WORK REQUIRED: The required output is an exact restatement of the lines, starting with the one that contains "LOMTRATS Marionnettes à" and finishing with the last line of the listing. It contains no pictures.

DATA:
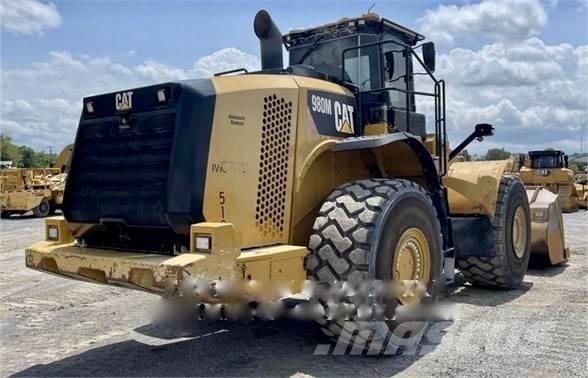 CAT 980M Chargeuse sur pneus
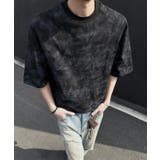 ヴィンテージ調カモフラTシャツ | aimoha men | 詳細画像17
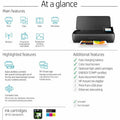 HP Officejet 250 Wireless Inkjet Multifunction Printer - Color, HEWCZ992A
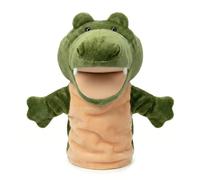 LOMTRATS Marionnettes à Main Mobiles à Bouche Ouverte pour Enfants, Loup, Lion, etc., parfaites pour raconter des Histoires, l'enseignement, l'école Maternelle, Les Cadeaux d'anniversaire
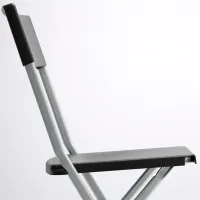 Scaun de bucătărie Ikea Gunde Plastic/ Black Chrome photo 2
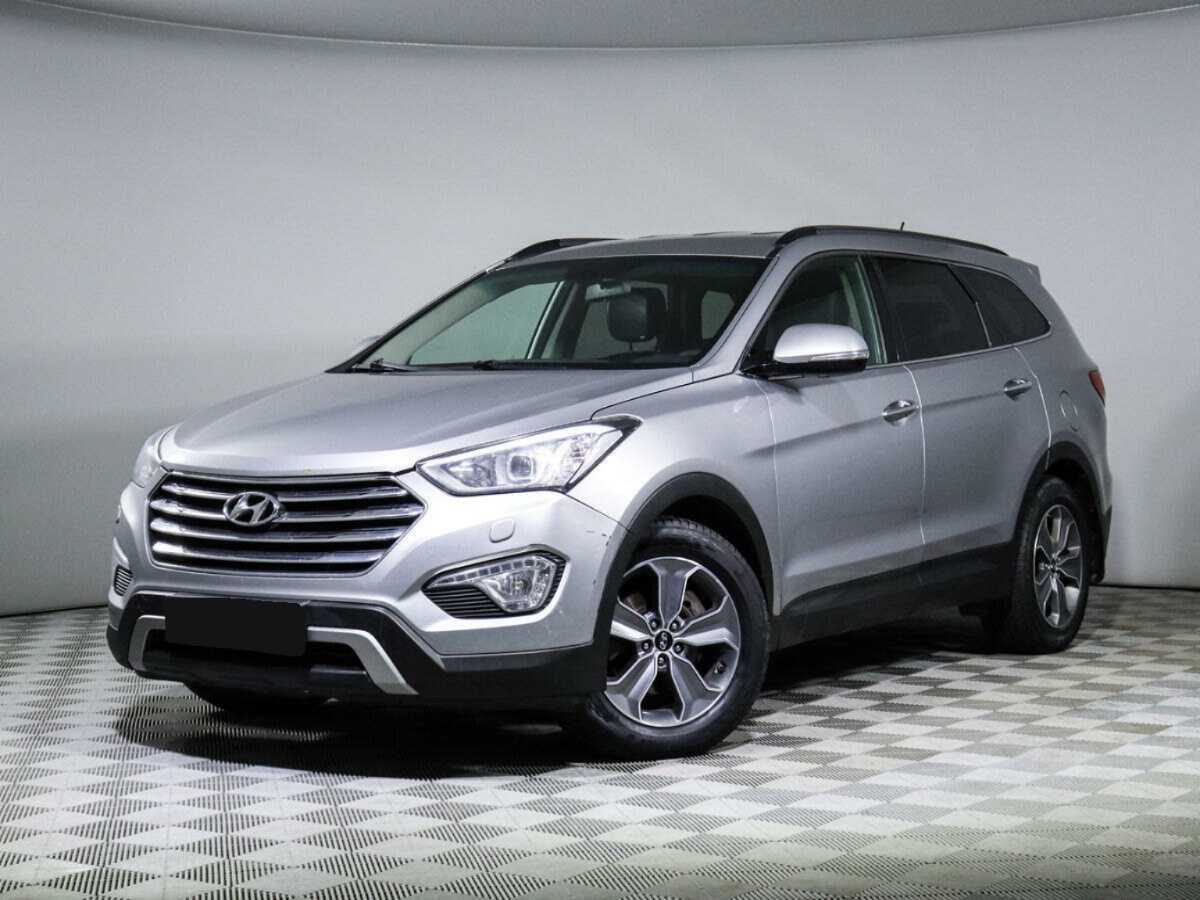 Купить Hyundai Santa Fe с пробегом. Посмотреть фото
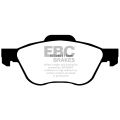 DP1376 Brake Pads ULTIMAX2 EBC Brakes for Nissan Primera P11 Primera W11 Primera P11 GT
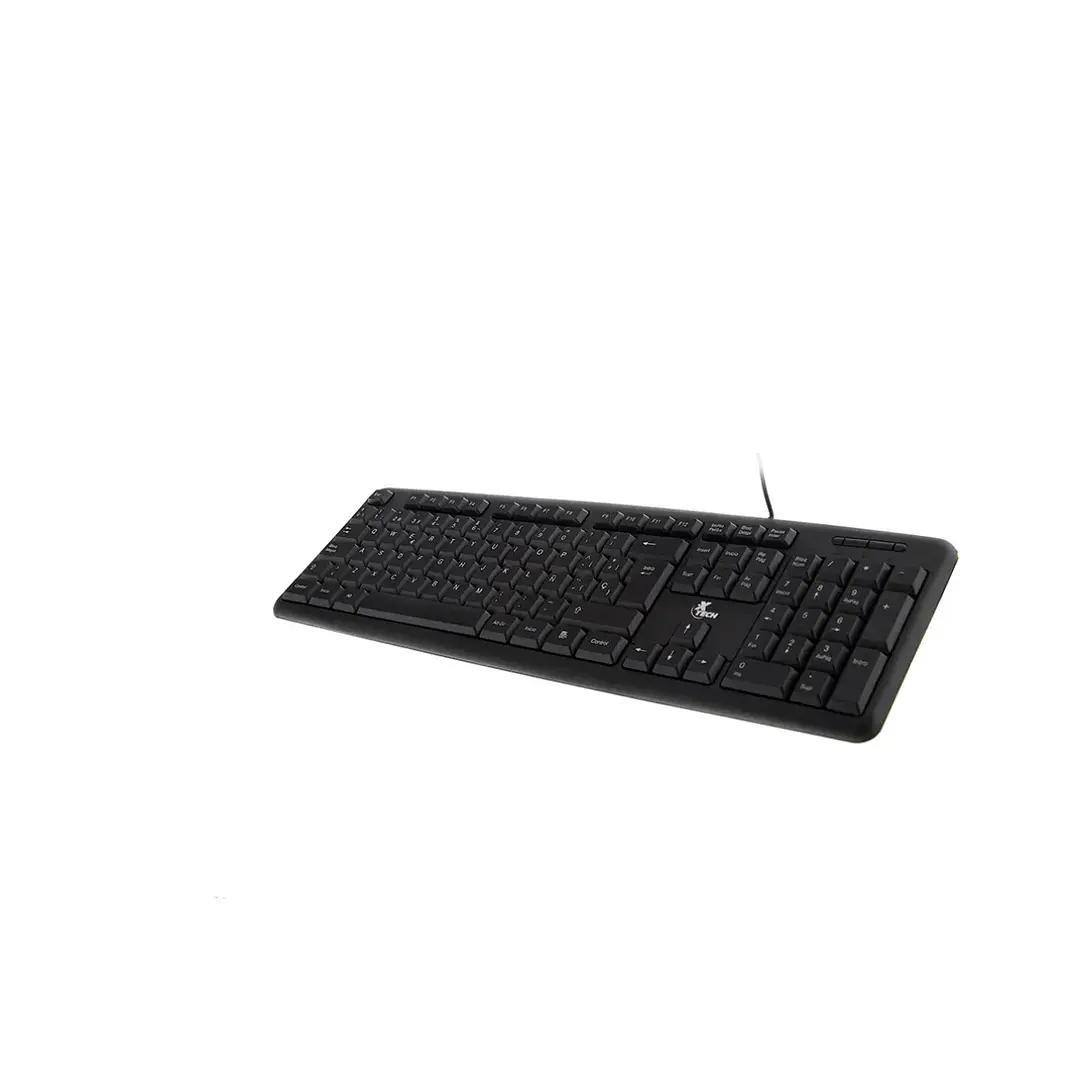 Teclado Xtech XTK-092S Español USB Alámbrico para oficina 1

ANSWER BELOW:
 LOMTRATS Marionnettes à Main Mobiles à Bouche Ouverte pour Enfants, Loup, Lion, etc., parfaites pour raconter des Histoires, l'enseignement, l'école Maternelle, Les Cadeaux d'anniversaire
 Scaun de bucătărie Ikea Gunde Plastic/ Black Chrome photo 2
 Купить Hyundai Santa Fe с пробегом. Посмотреть фото
 DP1376 Brake Pads ULTIMAX2 EBC Brakes for Nissan Primera P11 Primera W11 Primera P11 GT
 Teclado Xtech XTK-092S Español USB Alámbrico para oficina 1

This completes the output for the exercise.